Finally at 1pm, 3 hours late, the funeral begins. That is even late by Kenyan standards. A pastor invites friends and family members to give speeches. Everybody from school teachers, to grandmothers, to priests say something. So after an hour of listening to this, we’re instructed that all the guests from St. Camillus should go eat lunch. But the funeral is going on? We’re just going to get up and leave? Yes, about 12 St. Camillus employees get up in the middle of the program. We wonder through the bush to a neighbour’s compound. All the neighbours have brought their chairs and plates from home to serve lunch. We eat as other funeral goers trickle in.
Eventually we head back to the funeral tent. Mass is now going on. After 15 minutes of being there, the sky turns black and it begins to pour. The casket is covered with a tarp and everyone huddles under the tent. The rain picks up even more so they move the body into the house. My co-workers agree that we better leave because the dirt road is going to become impassable if we wait until the rain has ended. So 9 of us (we picked up two extra people) cram into the car and head out in a hurry. We slide down the dirt road, unable to see because of the steamed windows. Nine sweaty bodies sitting on top of each other create a lot of heat! Maybe next time, I’ll experience the funeral in its entirety.
Finally at 6 pm we arrive back home. Recap of the day: 12 hour journey, 5 hours of travel, 3 hours of waiting, 30 min of eating, and 1 ½ hours of the actual funeral.
Please keep Boniface and his family in your prayers.

Thursday, August 13, 2009

Half way there, ooooh oh livin’ on a prayer…

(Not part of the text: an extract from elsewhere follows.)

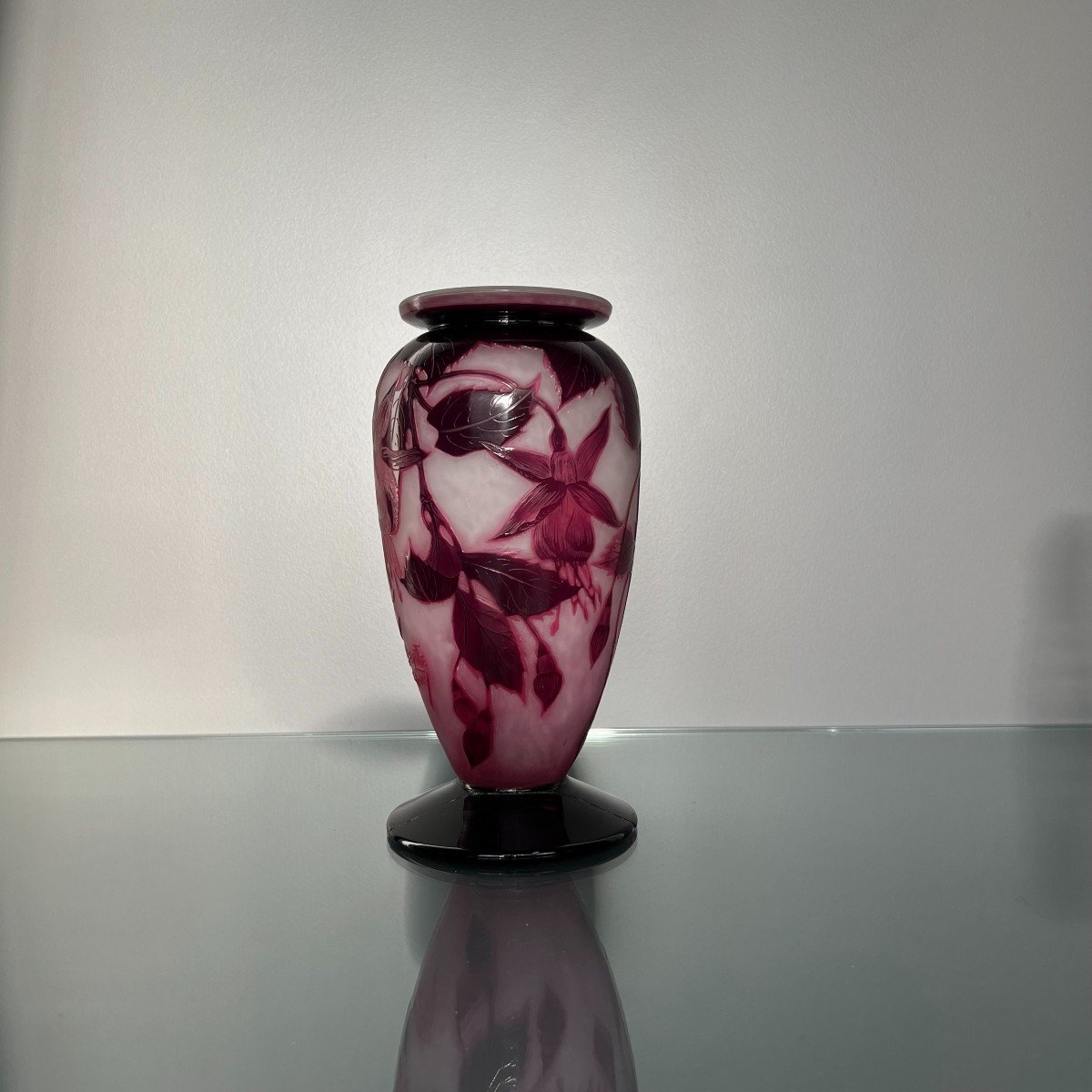 Multilayer Glass Vase By André Delatte With Fuchsia Flowers Design, Art Nouveau, 1920, Nancy-photo-1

I am halfway through my stay here in Kenya. Some days I feel I left home years ago, and other days it seems just like yesterday. I have a feeling the next six months are going to fly by. Here is a random sampling of things I've learned the past six months. ( In no particular order)

1. Nobody is ever in a hurry. It doesn't matter if someone is dying or you're an hour late for a meeting. Nobody rushes to do anything.
2. Human life is less valued compared to home. When somebody dies, the common consenus is,
" It was her time." My reaction, "She was six months old! I think she deserved to live a bit longer!"
3. Kenyans are terrified of chameleons ( which are harmless). They would rather see a poisonous snake.
4. Words have different meanings. The word 'sweet' is synonymous with 'delicious'. People describe everything from meat, to carrots, to beans as being 'sweet'. The word 'smart' is synonymous with 'beautiful'. When I wear a dress people comment, "Oh, you look so smart today!"
5. People believe all Americans carry a gun, have two children, are rich, and are tall.
6. Television and the the internet are overrated. Yes, when you're on the other side of the world internet makes communication easier, but other than that it's a time waster. I now have so much more time to do other things since I'm not on Facebook or watching TV shows.
7. Less is more.
8. Life isn't fair.
9. The most beautiful sunsets occur in Karungu.
10. I'll answer to any of the following names: Loreeeeeen, Christine ( I'm often confused with the other volunteer), Obama, Akinyi (Luo word meaning woman born in the morning), Muzungu ( Swahili for white man), Ciao ( due to the large number of Italian volunteers)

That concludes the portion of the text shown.